The SEBI has streamlined certain aspects of the rights issue process that is expected to not only reduce the timelines but also provide clarity on the renunciation and trading of rights entitlements. These are welcome changes and will potentially make rights issues a preferred option to raise capital for listed companies.

Whilst rights issues are offerings to existing shareholders, it typically takes 55 to 58 days to complete the process (excluding SEBI review and the time taken for due diligence and drafting the offer document). The process involves (i) a minimum 15-day rights issue application period, (ii) mandatory participation by certain investors only through the non-ASBA process (such as through cheque) and (iii) a seven clear working days intimation prior to the record date. SEBI has addressed some of these concerns through amendments to the SEBI ICDR Regulations, SEBI Listing Regulations (both effective from December 26, 2019) and a circular with effect from February 14, 2020.

Mandatory ASBA

Earlier, renouncees were required to invest only through the non-ASBA mechanism and this also involved physical verification of forms. Accordingly, post issue closing, it could take up to 12 working days for the allotment and trading of shares. Now, all applications in rights issues are mandatorily required to be done through the ASBA mechanism. This should significantly reduce the rights issue timeline and allow for allotment and listing soon after the issue closure  and may also eliminate defaults.

Record date and advertisement

The advance notice for the record date has been reduced from seven clear working days (excluding the date of intimation and the record date) to three clear working days specifically for rights issues. Further, a newspaper advertisement confirming dispatch of application forms to shareholders is now required two days prior to issue opening instead of the earlier requirement of three days. Additionally, both shareholders and renouncees have been allowed to use a common application form.

Rights entitlement – demat credit and trading

Companies undertaking a rights issue are mandatorily required to credit the rights entitlement to shareholders in demat form. SEBI has also introduced a legal framework for renunciation of rights entitlement and has allowed trading of such rights entitlement on the stock exchanges or transfer through off-market transactions, confirming the existing market practice. Depositories and stock exchanges have been directed to provide necessary procedure in this regard. Companies should factor in time for those shareholders, who own shares in physical form, to open demat accounts.

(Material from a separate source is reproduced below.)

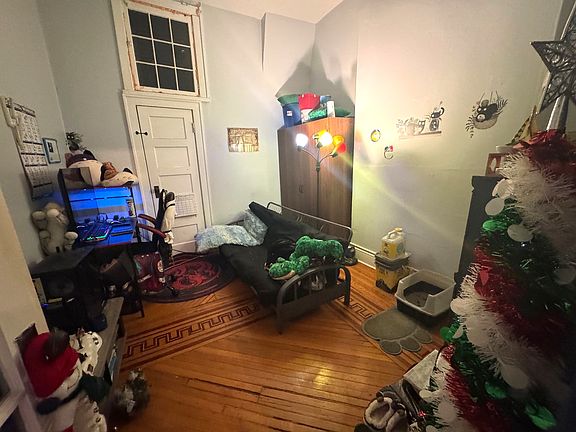 5th image of 324 Hudson Ave APT 1R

However, credit of rights entitlement to the demat account of shareholders who are resident in other jurisdictions will require detailed analysis in view of offering restrictions applicable under securities laws of other countries. In view of the existing practice of reading laws of various jurisdictions harmoniously and the global practice for rights offerings, crediting rights entitlements to shareholders who are resident outside India will require further discussion.

SEBI has also clarified that the investors will not be allowed to withdraw their application after the issue closing date.

Other changes to be considered in the future:

Offer period: Under the Companies Act, a rights issue is required to be open for a minimum of 15 days. Given our experience and the above suggested changes, we believe that this period can be significantly reduced – perhaps to five working days (an IPO is three working days) – as the rights issue is well publicized through stock exchange intimations, newspaper advertisements and individual intimations to each shareholders. Reducing this timeline would significantly shorten the rights issue process and help protect issuers and investors from pricing risk. This will require changes to the Companies Act and hence may take longer.

Rump placement: SEBI should consider permitting QIBs to subscribe to the unsubscribed portion in rights issues (also called rump in certain jurisdictions). This concept is already permitted under the Companies Act. This would be fair to the shareholders as they have been given an opportunity to invest first (unlike preferential allotments and QIPs). If the price is lower than the market price, it is likely that existing shareholders will participate in full and there will be no rump; if the price is higher than the market price, whilst existing shareholders would be given a fair opportunity to participate, they may not participate and the rump can be offered to QIBs. We believe existing provisions of the Takeover Code also addresses some of the regulatory concerns that may arise in this regard. This would also benefit issuers whose promoters do not have sufficient funds to pick up their own entitlement or the unsubscribed portion and the increasing number of professionally managed companies (without promoters). Accordingly, rights issues would become a more attractive alternative for companies looking to raise funds.